Mehveş Evin
Müşkülpesent okura bir çift söz
'Artık hiç haber takip etmiyorum. Gazete almıyorum, televizyonu da açmıyorum. Sosyal medya? Eh işte, ara sıra...'
Son zamanlarda benzer itirafları giderek daha çok duymaya başladım. Bir zamanlar bunu söyleyenlerde alttan alta, hafif bir utanma duygusu sezinlerdim. Ancak OHAL Türkiyesi’nde neredeyse gururla bu tarz açıklamalar yapılıyor.
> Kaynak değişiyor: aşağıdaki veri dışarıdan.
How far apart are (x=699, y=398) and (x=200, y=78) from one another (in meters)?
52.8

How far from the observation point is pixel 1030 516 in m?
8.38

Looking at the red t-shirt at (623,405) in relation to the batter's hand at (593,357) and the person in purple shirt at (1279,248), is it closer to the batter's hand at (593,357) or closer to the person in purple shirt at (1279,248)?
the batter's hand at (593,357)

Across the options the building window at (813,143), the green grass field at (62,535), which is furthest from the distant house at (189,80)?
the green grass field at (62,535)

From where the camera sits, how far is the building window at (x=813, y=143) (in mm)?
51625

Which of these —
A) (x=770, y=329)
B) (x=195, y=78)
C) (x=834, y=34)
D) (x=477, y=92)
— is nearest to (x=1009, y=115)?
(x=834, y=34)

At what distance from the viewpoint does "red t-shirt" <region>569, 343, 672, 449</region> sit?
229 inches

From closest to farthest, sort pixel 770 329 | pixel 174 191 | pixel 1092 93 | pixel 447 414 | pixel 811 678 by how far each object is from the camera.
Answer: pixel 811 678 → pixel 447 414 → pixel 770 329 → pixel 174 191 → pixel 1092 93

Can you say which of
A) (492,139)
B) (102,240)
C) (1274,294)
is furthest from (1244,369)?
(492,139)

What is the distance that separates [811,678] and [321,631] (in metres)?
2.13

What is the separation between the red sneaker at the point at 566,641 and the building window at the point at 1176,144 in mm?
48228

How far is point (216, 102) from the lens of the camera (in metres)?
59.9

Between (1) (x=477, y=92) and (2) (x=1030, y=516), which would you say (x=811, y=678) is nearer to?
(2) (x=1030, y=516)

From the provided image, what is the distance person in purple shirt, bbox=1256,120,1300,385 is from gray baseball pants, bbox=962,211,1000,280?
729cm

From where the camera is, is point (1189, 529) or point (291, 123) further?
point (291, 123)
"Olan biten saçmalıklara dayanamıyorum, bunaldım, daraldım" diyenlere bir yere kadar hak versem de içimden 'iyi halt ediyorsun' diyorum. Tartışmaya değecek bir durum görürsem 'Böyle bir hakkın var mı, kafanı kuma gömerek içini gerçekten rahatlatabiliyor musun?" diye çıkışıveriyorum.
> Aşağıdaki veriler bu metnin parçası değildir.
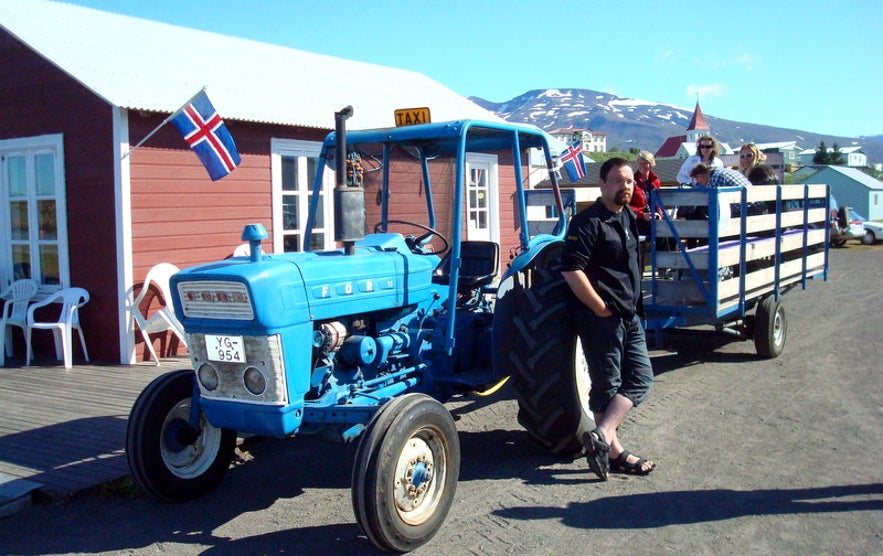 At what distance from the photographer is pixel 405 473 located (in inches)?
164

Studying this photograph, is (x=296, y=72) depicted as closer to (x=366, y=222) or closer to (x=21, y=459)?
(x=366, y=222)

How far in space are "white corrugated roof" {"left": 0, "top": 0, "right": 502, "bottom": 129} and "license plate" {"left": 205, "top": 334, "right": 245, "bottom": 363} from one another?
469cm

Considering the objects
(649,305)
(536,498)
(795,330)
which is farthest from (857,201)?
(536,498)

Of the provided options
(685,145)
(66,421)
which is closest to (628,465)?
(66,421)

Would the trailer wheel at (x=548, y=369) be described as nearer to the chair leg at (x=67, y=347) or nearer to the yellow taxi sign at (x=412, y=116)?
the yellow taxi sign at (x=412, y=116)

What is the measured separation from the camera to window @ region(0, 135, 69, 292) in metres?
9.02

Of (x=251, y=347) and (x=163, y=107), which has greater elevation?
(x=163, y=107)

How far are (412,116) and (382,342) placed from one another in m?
1.59

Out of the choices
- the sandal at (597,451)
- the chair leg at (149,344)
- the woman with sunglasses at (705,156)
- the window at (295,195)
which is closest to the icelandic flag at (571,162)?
the woman with sunglasses at (705,156)

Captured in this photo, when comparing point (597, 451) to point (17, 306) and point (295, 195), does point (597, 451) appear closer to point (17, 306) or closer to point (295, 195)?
point (295, 195)

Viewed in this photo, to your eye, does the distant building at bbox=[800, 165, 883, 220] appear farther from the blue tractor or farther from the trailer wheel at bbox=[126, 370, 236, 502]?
the trailer wheel at bbox=[126, 370, 236, 502]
Elbette bağımsız yayınların ayakta kalmak için verdiği olağanüstü çabaları, içinde bulundukları tehlikeli koşullara rağmen doğru, eleştirel haberi okura/izleyiciye ulaştırmaya çalışanları herkesin fark etmesini beklemiyorum. Ama kendini‘okumuş, kültürlü’ addedenlerin habere, medyaya toptan küsmesi şımarıklık değil de ne?
Haliyle 7/24 cep telefonunda vakit geçiren, en aleni komplo teorilerine prim veren, en manasız konularda yerli yersiz yorum yapan ve en mükemmel açı hesaplanarak çekilen sayısız selfiyle karşıma çıkanlara daha da sinirleniyorum.
KUMANDANIN ESİRLERİYİZ
Mavra yapmayalım, eğlenmeyelim, kafa dinlemeyelim demiyorum, yapmazsak insan değiliz... Sözüm,‘Ne var ki okuyacak, izleyecek?’iddiasında bulunup, sosyal medyada fenomen avına, abidik gubidik işlere harcadığı enerjiyi, işini düzgün yapamaya çalışan yayınlara ayırmayanlara.
Hayır efendim, bal gibi var, siz görmek istemeseniz de var iyi gazeteciler, bağımsız kaynaklar... Sayıları az, hiçbiri mükemmel değil, ama var.
Ama kafalar yekten sınıflandırmaya, ayrıştırmaya alışmış. Misal, Cumhuriyet’te farklı görüşlerden yazarların yazmasına kızıp, gazeteyi toptan cezalandıranlar, tam da Cumhuriyet’i ele geçirmek isteyenlerin ekmeğine yağ sürdüğünün farkında mı?
Yahut Birgün, Evrensel, Agos gibi gazetelerde çıkan kaliteli haberleri, yazarları takip etmeyip merkez medyayı ‘Ay bunlar da iyice yandaş oldu’ diye hababam çemkirmenin ne anlamı var?
Geçti o günler, Gezi’den sonra zaten bitti büyük medya! Tek tük bir ses, bir haber duyulursa ne ala. Buna karşın büyük baskı gören, ayakta kalmaya çalışan yayınları takip etmek varken nedir bu müşkülpesentlik, anlayan beri gelsin!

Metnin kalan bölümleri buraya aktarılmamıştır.